Transparency in public affairs is  the foundation stone for democracy. Yet, all too often, it seems to be the exception rather than the rule. Take the case of exit benefits for Maltese prime ministers and ministers: the cloak of secrecy seems as impenetrable as the walls of Fort St Elmo.

For years, nobody quite knew just how the benefits for top politicians who exit office were calculated. It was even unclear who decided on those benefits.

This week, we learnt that it is ministers themselves who get to decide how much of our money they should pocket as they transition out of the executive. And they do so in meetings which only they are privy to.

A report by parliament’s standards commissioner revealed that aside from a flurry of perks afforded to all other exiting prime ministers, Joseph Muscat also got three substantial extra benefits when he resigned under a cloud in 2020.
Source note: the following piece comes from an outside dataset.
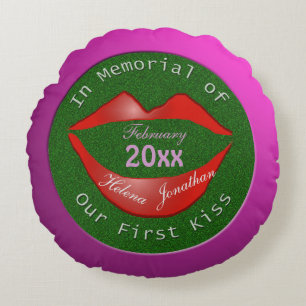 Witz im Gedenken an Coupons ersten Kuss Pink Rundes Kissen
The additional benefits are not trivial ones. His wife Michelle got her own official, taxpayer-funded vehicle. He received a state-owned office at a prestigious Sa Maison address. And most controversially, Muscat also doubled a €60,000 cash payment – by giving up a transitional allowance he was not even eligible for.

A transitional allowance, as its name implies, exists to help a person transition out of a high-paying job in cabinet. Muscat, who declared €482,000 in income in the year he quit as prime minister, had little need for one.

This isn’t just an administrative footnote; it’s a Rubik’s cube of fiscal probity, and the optics of this arrangement are as bewildering as they are concerning.

Muscat’s predecessors in government were no strangers to giving themselves secret salary bumps – it was Times of Malta, after all, which had exposed the Gonzi-era cabinet decision to increase ministerial salaries by €500 per week.

Muscat, who declared €482k in income in the year he quit as prime minister, had little need for a transitional allowance

But that cabinet had the decency to introduce clear rules on transitional allowances for exiting ministers. One rule was that the allowance stopped if former ministers or prime ministers earned more in personal income than the allowance’s value.

Erasing that rule would have been bad enough. But Muscat and his ministers did more. They also introduced a new rule which allowed a recipient to double their lump sum payment by renouncing that allowance.

That rule left Muscat roughly €60,000 richer, at everyone else’s expense.

We do not know on what basis they changed those rules, because these were cabinet decisions, and what goes on behind cabinet doors is shielded from public view.

Standards Commissioner Joseph Azzopardi this week said that should change. Benefits for outgoing ministers and prime ministers should be codified in law, the commissioner said, not agreed upon in secret by the very people who should be receiving them.

Robert Abela told Times of Malta that he will take up that recommendation. That is great to hear, and a step in the right direction. The question is, will he keep the contradictory provision that would allow him to essentially pocket the transitional allowance he, like Muscat, will not be eligible for?

Our well-heeled prime minister will not need extra cash to get by when he eventually decides to call it a day. The right thing to do would be to ensure the law does not allow him to abuse the system, as Muscat did. But temptation is a dangerous thing. After all, he might muse: everyone is pigging out.